Find the Fourier series for the function
f(x) = 1/cos(x)
on the segment [-pi/4, pi/4].
A Fourier series for a function f(x) with period 2L has the form:
(a0/2) + SUM(n=0 to infinity) [ an*cos((n*pi*x)/L) + bn*sin((n*pi*x)/L) ], where:
an = (1/L) INTEGRAL (-L to L) f(x)cos((n*pi*x)/L) dx for n = 0, 1, 2, ....
bn = (1/L) INTEGRAL (-L to L) f(x)sin((n*pi*x)/L) dx for n = 0, 1, 2, ...
The Attempt at a Solution
By treating the function as (pi/2)-periodic, I used the equation above to get an expression for a0:
a0 = (4/pi) ln [(sqrt(2)+1)/(sqrt(2) - 1)]

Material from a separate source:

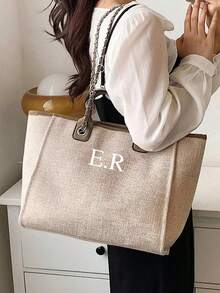 Customized Name Mini Small Shoulder Bag, Casual Multipurpose Double Handle Crossbody Handbag For Women, Fits Lipstick, Powder, Coins, Suitable As Gift For Family And Friends, Birthday Gift - Multicolor - View 7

Also, because f(x) is an even function, we can deduce without any calculation that bn will be zero for all n. So the only thing is to work out an.
But this is far as I've got. By using the formula above, I have this expression for an:
an = (4/pi) INTEGRAL (-pi/4 to pi/4) (cos(4nx)/cos(x)) dx
I don't know how to solve this integral. I know how to do it if n is some small integer; for instance, I can find a1 by integrating cos(4x)/cos(x), using trigonometric identities, but I can't see how to generalise the method. Can anyone help?
P.S. Sorry I don't know how to use latex, I did try but it came out as a mess.